##### Supplied data
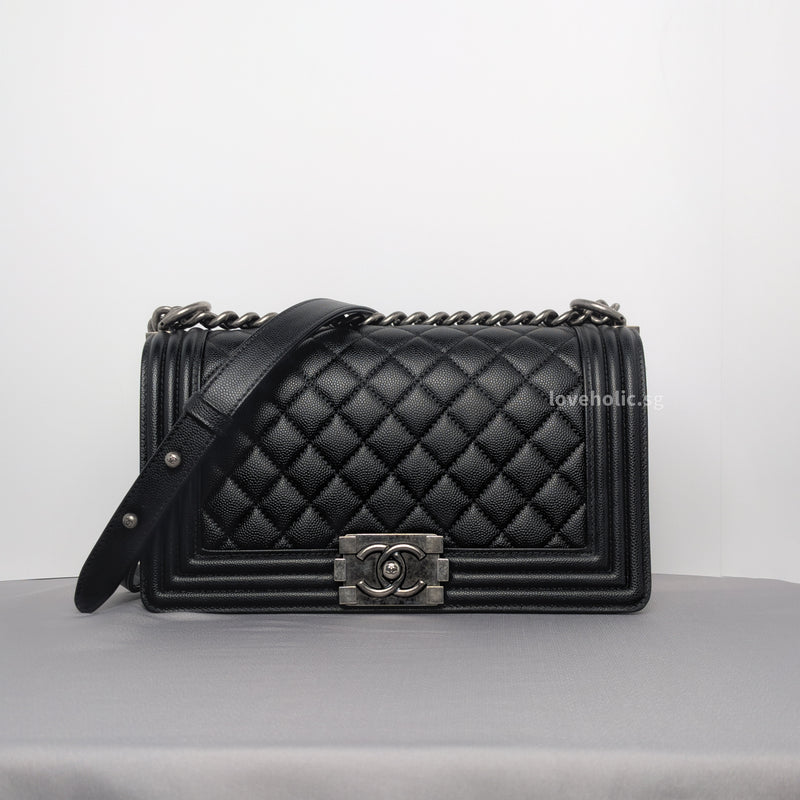 Chanel Boy Medium | Black Caviar Ruthenium Hardware-whitebackground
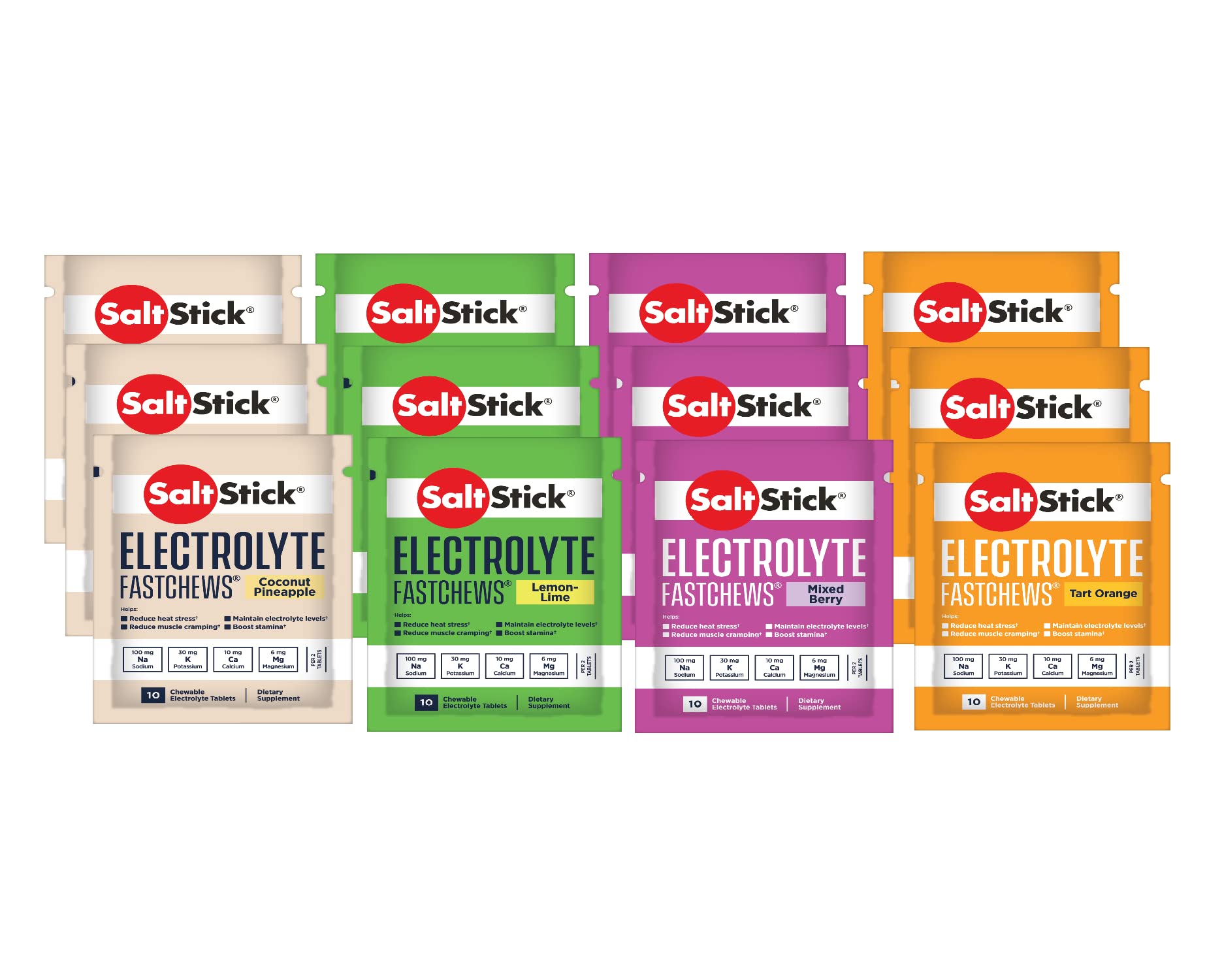 SaltStick FastChews 12er Testpaket (12 Tüten á 10 Kautabletten, verschiedene Geschmacksrichtungen)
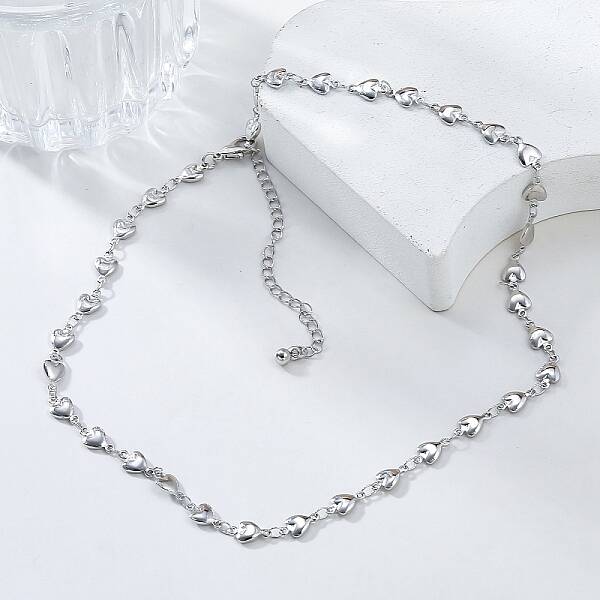 Simple Alloy Heart Link Chain Necklaces for Women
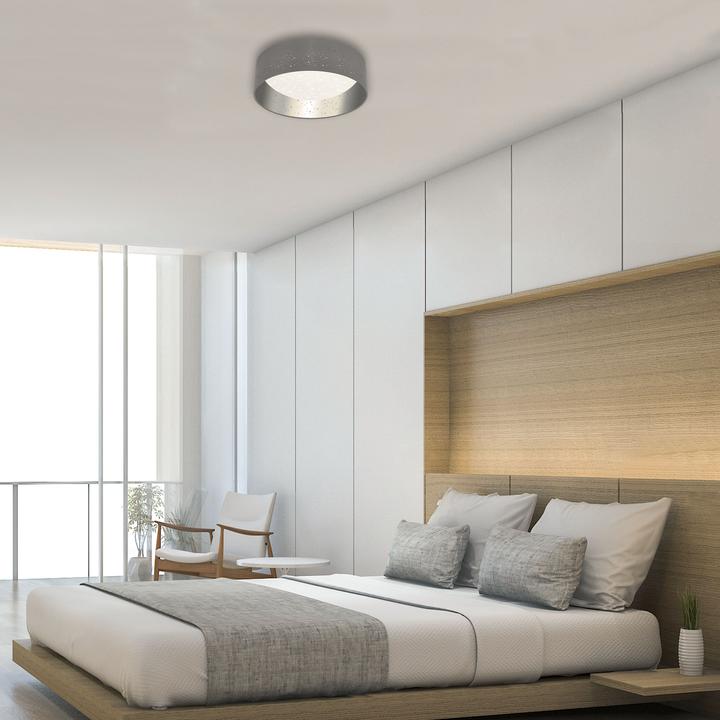 Image du produit Briloner Plafonnier LED en tissu avec décor étoilé, gris-argenté, 1xLED/12W (1200 lm)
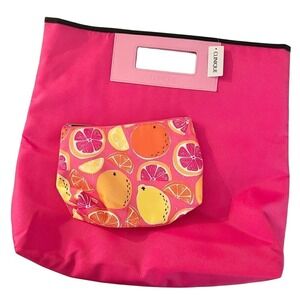 Clinique 2-Piece Large Shopping Tote & Zippered Makeup Bag Women's‎ Hot Pink NWT
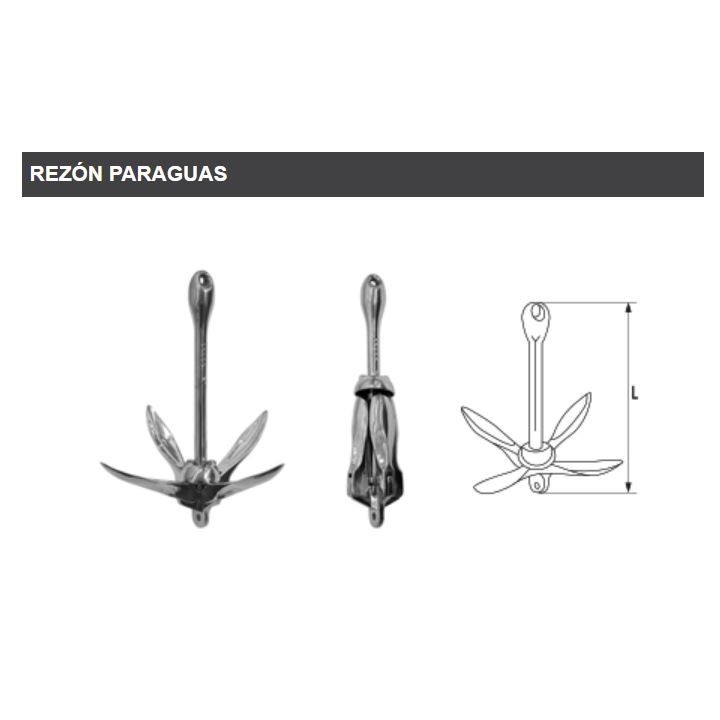 Rezón plegable paraguas INOXIDABLE 316 AISI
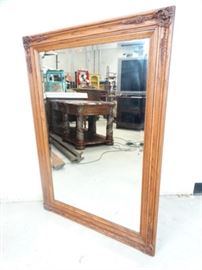 Beveled Glass Wood Frame Wall Mirror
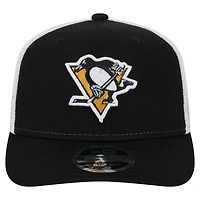 Casquette extensible à boutons-pression Core Trucker 9SEVENTY noire des Penguins de Pittsburgh de New Era pour homme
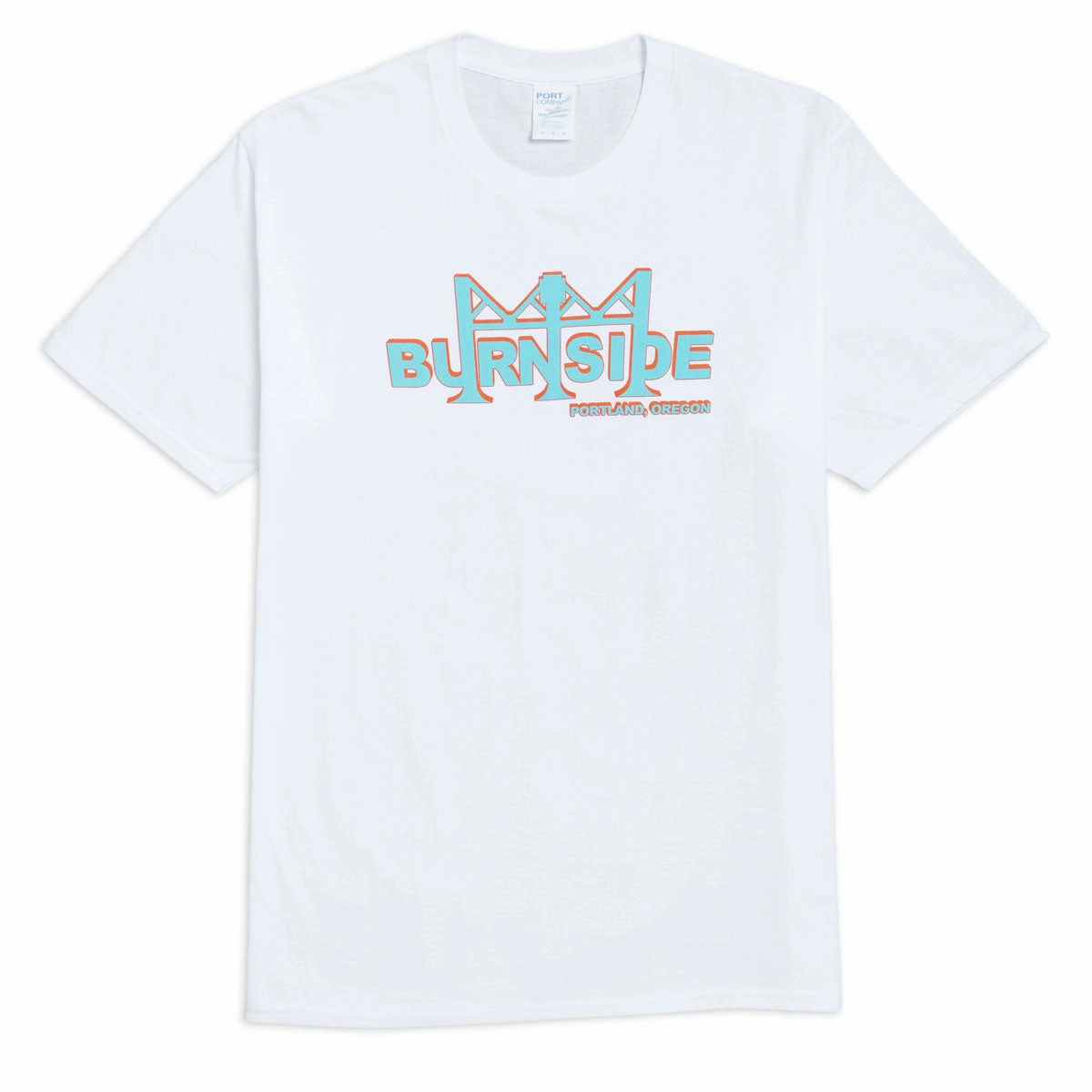 Burnside Official T-Shirt - White/Teal Modern and Soft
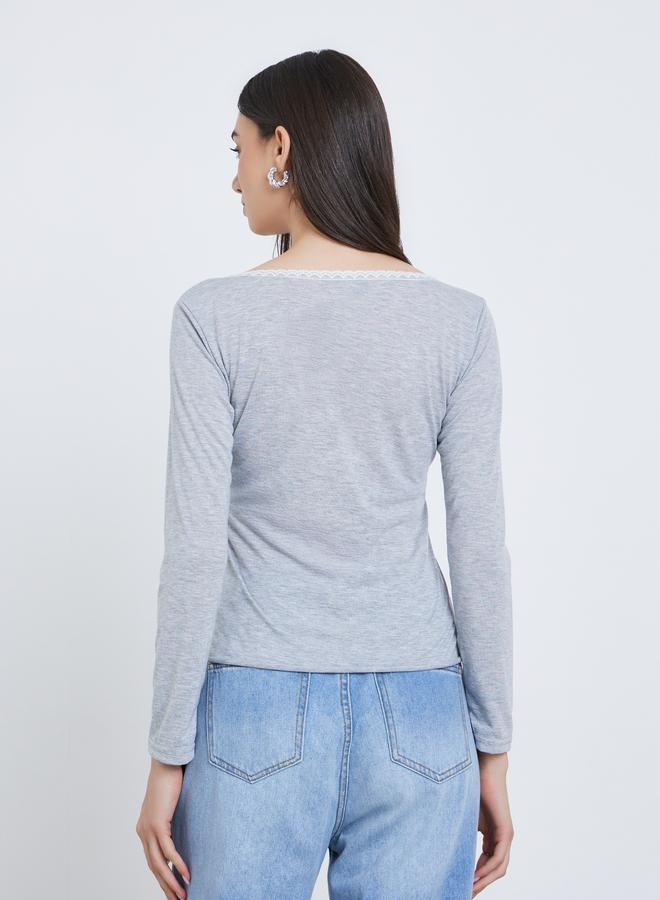 Take Two Solid Wide Neck Lace Detail Knitted Top - Image 4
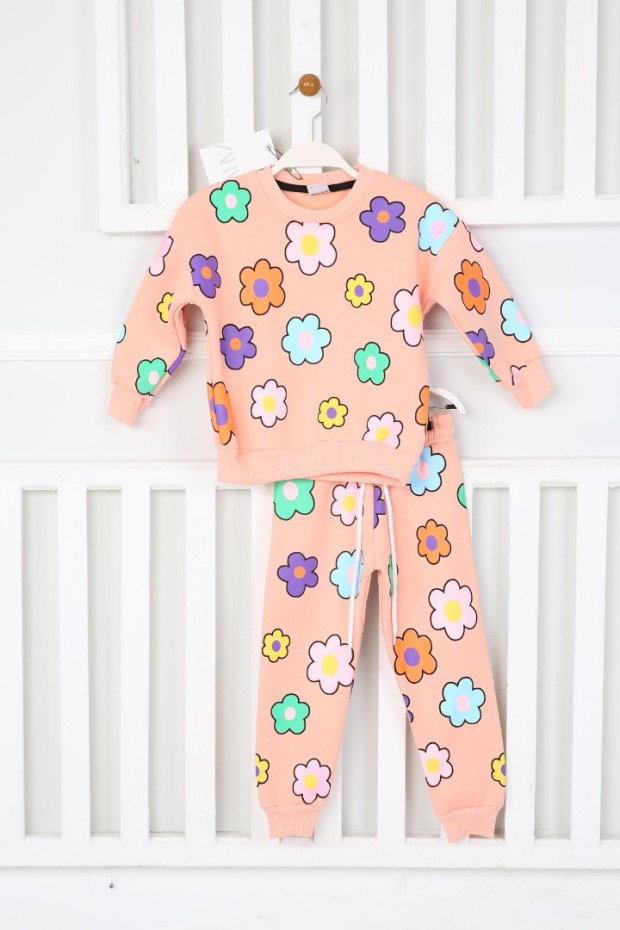 Üç İplik Şardonlu Baskılı Vizon Takım 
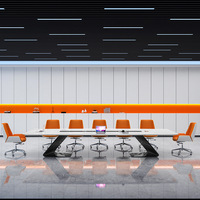 Meubles de salle de conférence de luxe d'usine, bureau en bois MDF, table de réunion de bureau commercial pour 14 personnes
##########
> [Your instructions]:
The output has to match the data above line for line, except that pictures are dropped.

> [Answer to the problem]:
 Chanel Boy Medium | Black Caviar Ruthenium Hardware-whitebackground
 SaltStick FastChews 12er Testpaket (12 Tüten á 10 Kautabletten, verschiedene Geschmacksrichtungen)
 Simple Alloy Heart Link Chain Necklaces for Women
 Image du produit Briloner Plafonnier LED en tissu avec décor étoilé, gris-argenté, 1xLED/12W (1200 lm)
 Clinique 2-Piece Large Shopping Tote & Zippered Makeup Bag Women's‎ Hot Pink NWT
 Rezón plegable paraguas INOXIDABLE 316 AISI
 Beveled Glass Wood Frame Wall Mirror
 Casquette extensible à boutons-pression Core Trucker 9SEVENTY noire des Penguins de Pittsburgh de New Era pour homme
 Burnside Official T-Shirt - White/Teal Modern and Soft
 Take Two Solid Wide Neck Lace Detail Knitted Top - Image 4
 Üç İplik Şardonlu Baskılı Vizon Takım 
 Meubles de salle de conférence de luxe d'usine, bureau en bois MDF, table de réunion de bureau commercial pour 14 personnes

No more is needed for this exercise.